### SOURCE DATA:

_____

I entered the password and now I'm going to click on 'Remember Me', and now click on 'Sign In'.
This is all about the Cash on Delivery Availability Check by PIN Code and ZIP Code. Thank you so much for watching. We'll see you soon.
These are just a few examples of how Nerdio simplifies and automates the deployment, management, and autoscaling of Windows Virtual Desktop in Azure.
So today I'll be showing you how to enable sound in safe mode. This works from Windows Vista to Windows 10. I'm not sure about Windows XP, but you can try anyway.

_____

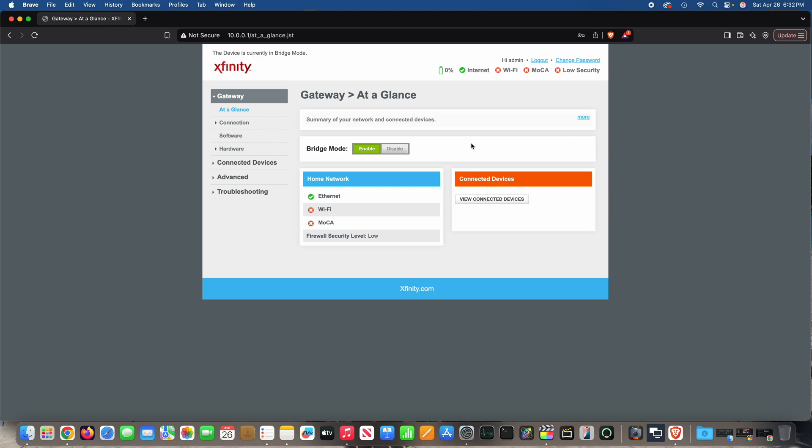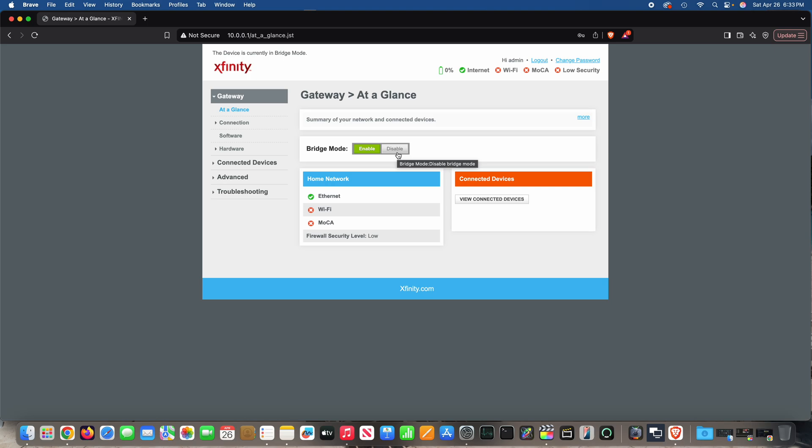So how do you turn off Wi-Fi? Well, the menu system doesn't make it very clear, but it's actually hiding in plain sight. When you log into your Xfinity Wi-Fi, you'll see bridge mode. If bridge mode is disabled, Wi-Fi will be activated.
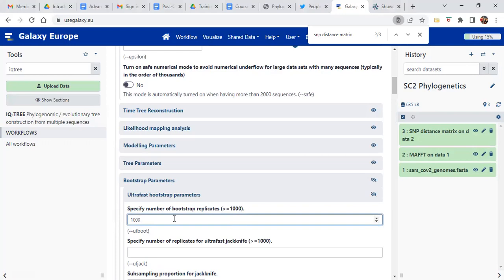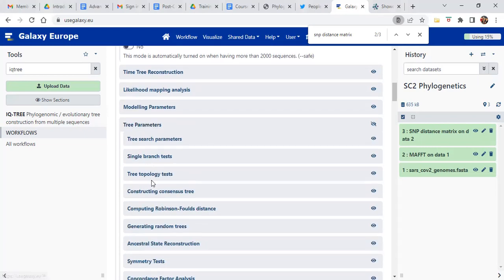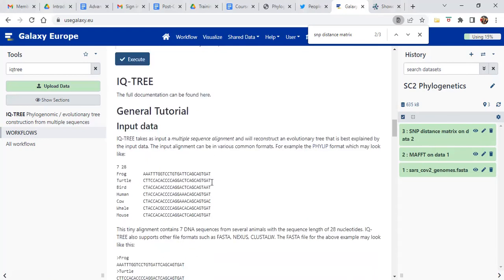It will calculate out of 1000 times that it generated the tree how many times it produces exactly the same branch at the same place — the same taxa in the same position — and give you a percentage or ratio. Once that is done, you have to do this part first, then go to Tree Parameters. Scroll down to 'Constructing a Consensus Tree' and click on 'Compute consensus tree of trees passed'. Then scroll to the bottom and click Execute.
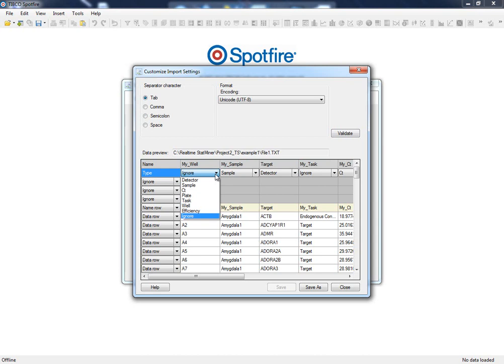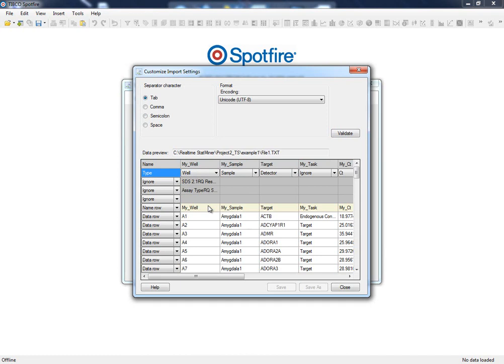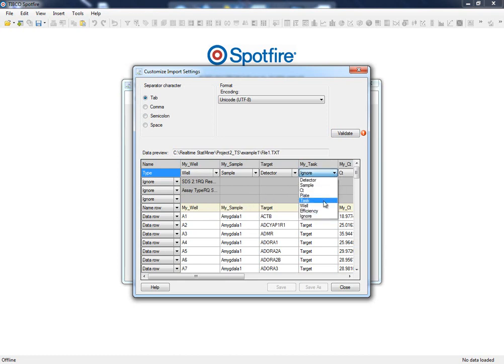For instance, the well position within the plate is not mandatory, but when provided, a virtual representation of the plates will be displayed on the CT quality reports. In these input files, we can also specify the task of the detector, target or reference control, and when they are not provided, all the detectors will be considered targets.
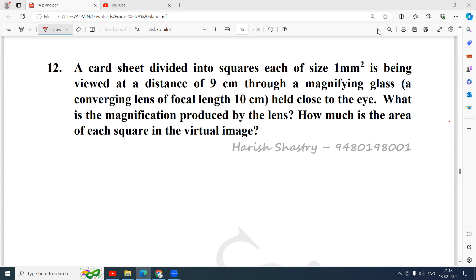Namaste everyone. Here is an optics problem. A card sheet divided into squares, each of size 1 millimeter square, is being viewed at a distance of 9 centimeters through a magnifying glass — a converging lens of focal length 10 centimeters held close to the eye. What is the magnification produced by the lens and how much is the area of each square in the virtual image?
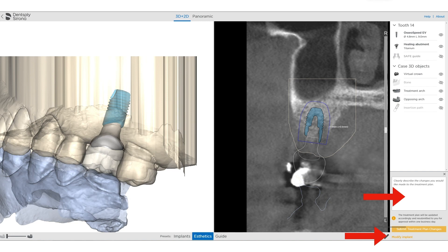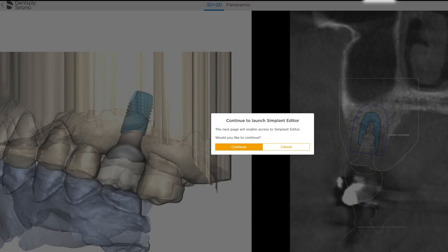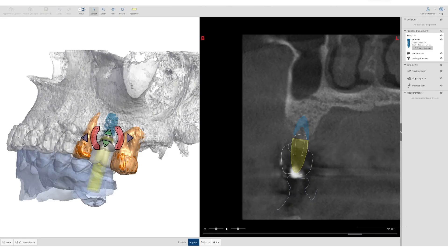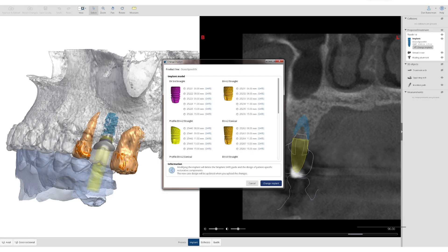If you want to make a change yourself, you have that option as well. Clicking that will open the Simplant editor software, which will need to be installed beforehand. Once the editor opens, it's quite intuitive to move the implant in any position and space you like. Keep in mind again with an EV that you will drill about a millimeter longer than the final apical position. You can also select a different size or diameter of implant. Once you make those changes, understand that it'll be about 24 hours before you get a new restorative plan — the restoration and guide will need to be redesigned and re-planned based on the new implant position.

_____

### EXERCISE BRIEF:
Of all the material above, only the lines from the one that has "So how do you" down to the one that has "It will calculate" are to be written out, exactly and with both ends included. Pictures are skipped.

### ANSWER BELOW:
So how do you turn off Wi-Fi? Well, the menu system doesn't make it very clear, but it's actually hiding in plain sight. When you log into your Xfinity Wi-Fi, you'll see bridge mode. If bridge mode is disabled, Wi-Fi will be activated.
It will calculate out of 1000 times that it generated the tree how many times it produces exactly the same branch at the same place — the same taxa in the same position — and give you a percentage or ratio. Once that is done, you have to do this part first, then go to Tree Parameters. Scroll down to 'Constructing a Consensus Tree' and click on 'Compute consensus tree of trees passed'. Then scroll to the bottom and click Execute.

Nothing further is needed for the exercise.